Posts Tagged ‘Analysights’

“Big Data” Success Starts With Good Data Governance

May 19, 2014

(This post appeared on our successor blog, The Analysights Data Mine, on Friday, May 9, 2014). 

As data continues to proliferate unabated in organizations, coming in faster and from more sources each day, decision makers find themselves perplexed.  Decision makers struggle with several questions: How much data do we have? How fast is it coming in? Where is it coming from? What form does it take? How reliable is it? Is it correct? How long will it be useful?  And this is before they even decide what they can and will do with the data!
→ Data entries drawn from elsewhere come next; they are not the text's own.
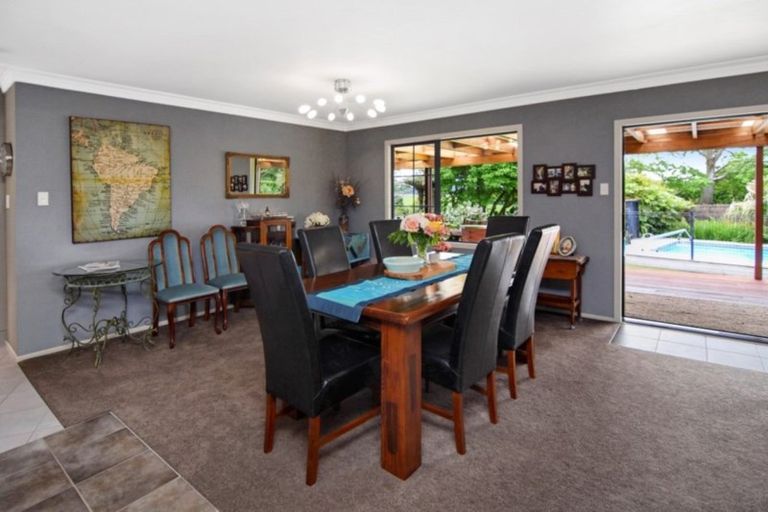 Photo of property in 189a Woodlands Road, Gordonton, Hamilton, 3281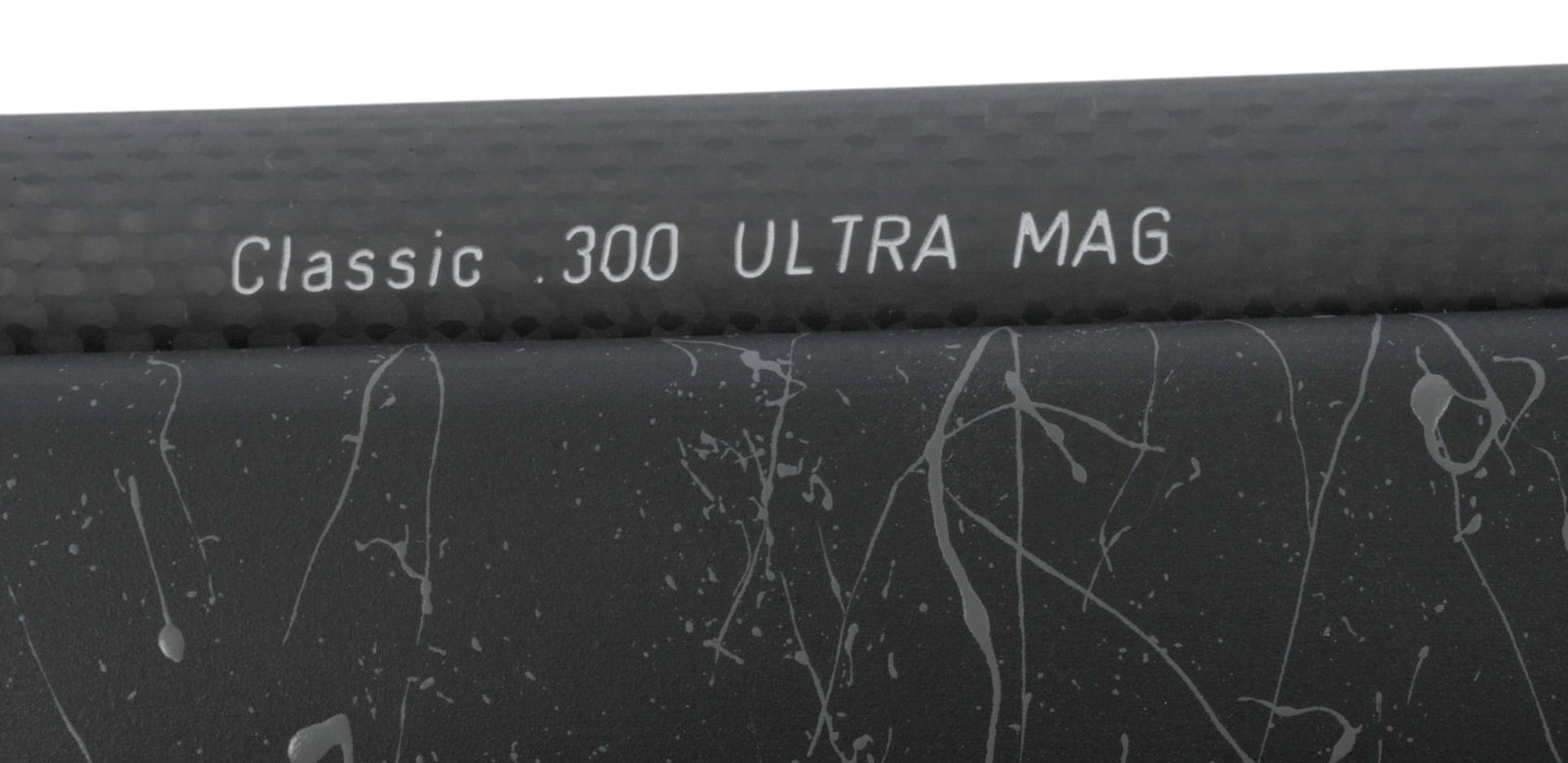 Christian Arms "Classic" Carbon Fiber Barrel 300 Ultra Mag Bolt Action rifle FFL CP00041 (DMW1) - 12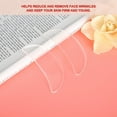 thumbnail image 4 of Silicone Pad, Reusable Small Size Eye Patch, Portable Home For Forehead Women Eye, 4 of 8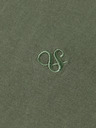 Scotch & Soda Moska majica z logotipom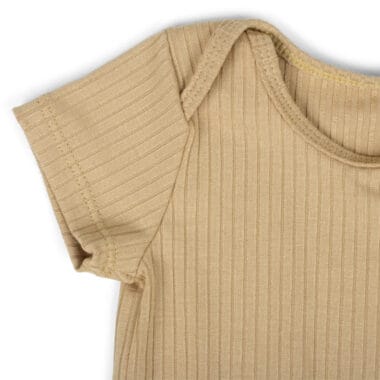 Body Essencial Caramelo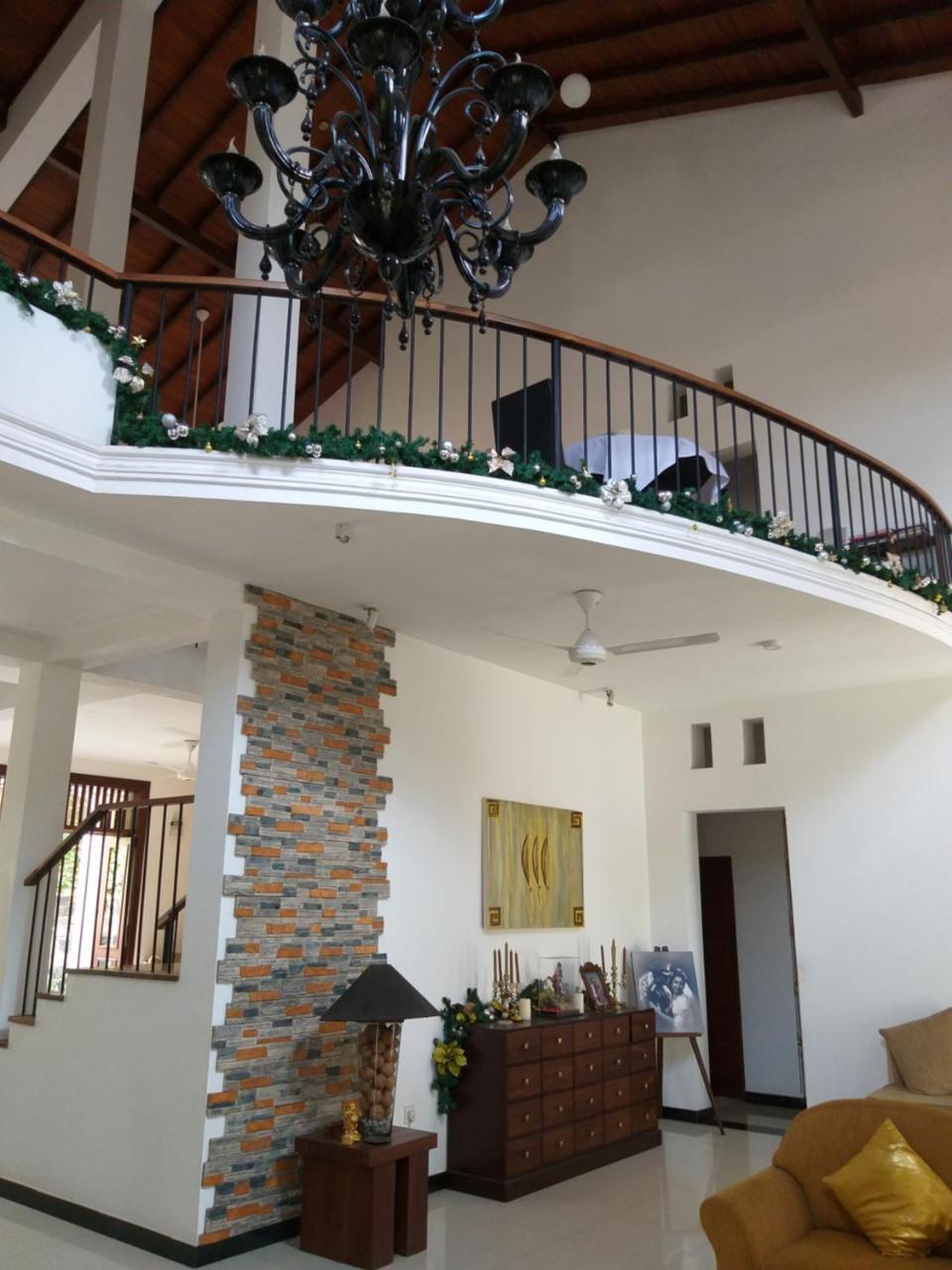 נגומבו Cosy Nest Home Stay חדר תמונה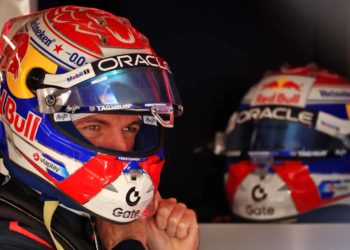 Max Verstappen has already been warned by Red Bull to avoid risky driving amid race ban threat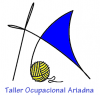 Taller Ocupacional Ariadna Logo
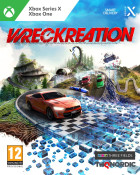 Wreckreation XONE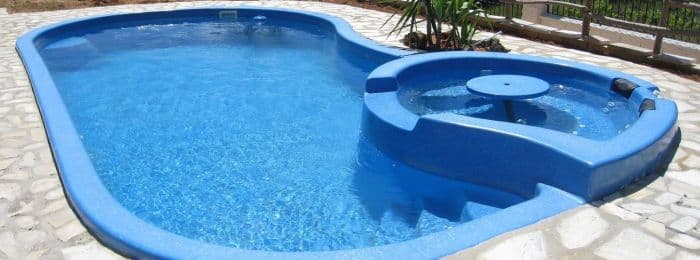 Prefabricerade Pooler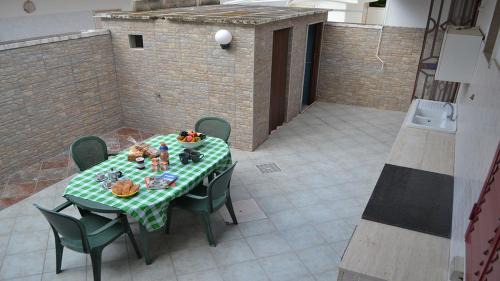 San Foca Apartment | Trilocale Ll05 a 200m dal mare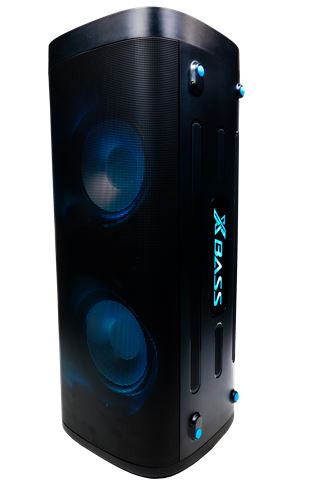 VIVAX zvučnik BS-1010 + Life PRO 2 ORANG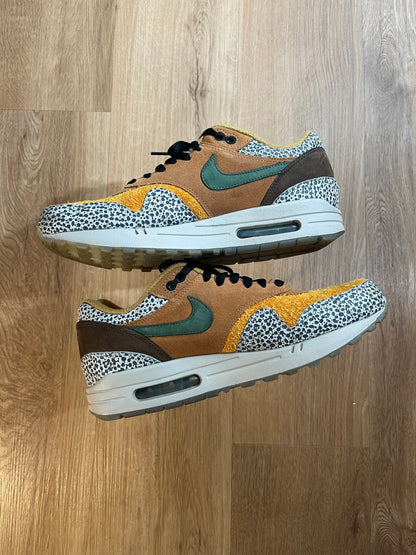 Nike Air Max 1 'Atmos Safari QS’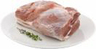 Schweinsschulter mit Bein, ohne Schwarte ca. 4 kg Schweizer Fleisch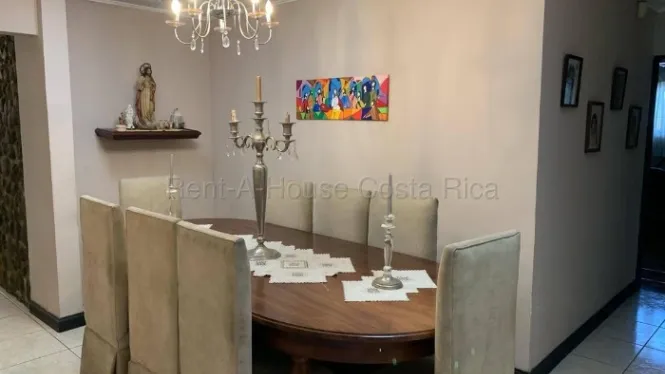 Se vende casa en Pavas San José 27-255 in Pavas, San José — $319,000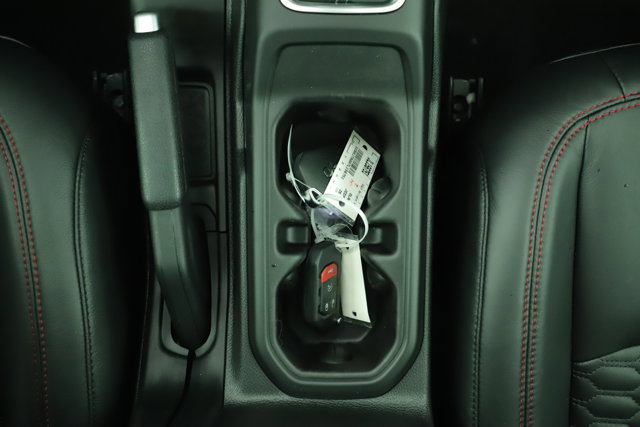 New 2026 Jeep Gladiator Rubicon w/ Safety Group image 6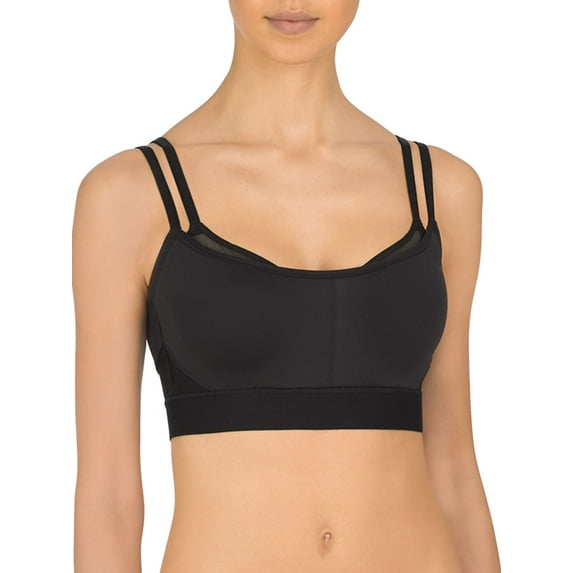 Gravity Underwire Sports Bra
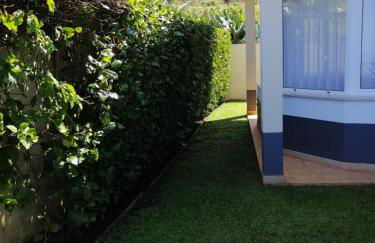 Luxury villa with private heated pool, garden and views of the sea and mountains. - Photo 39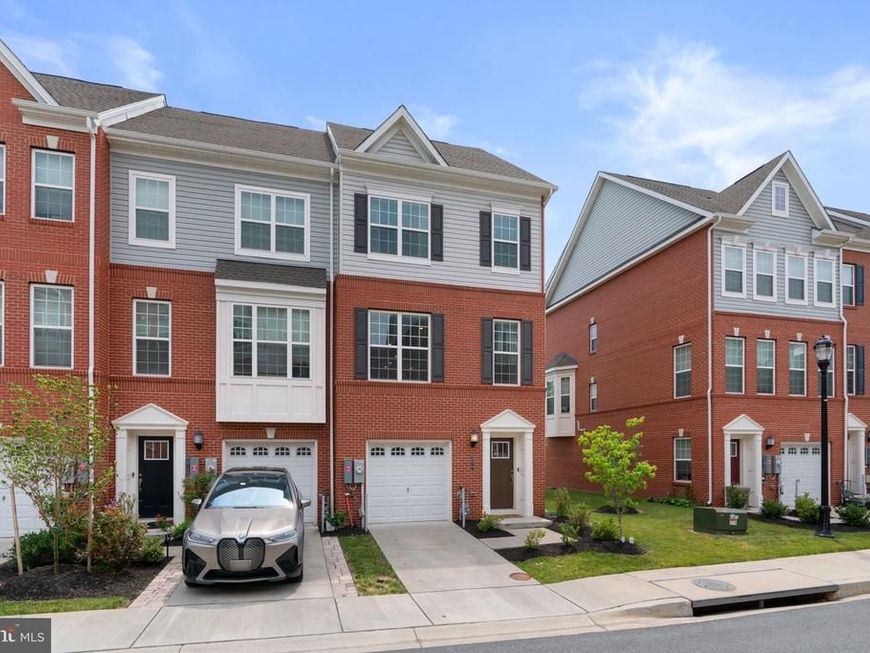 8017 Potter Place, Elkridge, MD 21075 Main Photo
Before a company can leverage big data successfully, it must decide upon its objectives and balance that against the data it has, regulations for the use of that data, and the information needs of all its functional areas. And it must assess the risks both to the security of the data and to the company’s viability.  That is, the company must establish effective data governance.

What is Data Governance?

Data governance is a young and still evolving system of practices designed to help organizations ensure that their data is managed properly and in the best interest of the organization and its stakeholders.  Data governance is an organization’s process for handling data by leveraging its data infrastructure, the quality and management of its data, its policies for using its data, its business process needs, and its risk management needs.  An illustration of data governance is shown below:

governance

Why Data Governance?

Data has many uses; comes in many different forms; takes up a lot of space; can be siloed, subject to certain regulations, off-limits to some parties but free and unlimited to others; and must be validated and safeguarded.  But just as much, data governance ensures that the business is using its data toward solving its defined business problems.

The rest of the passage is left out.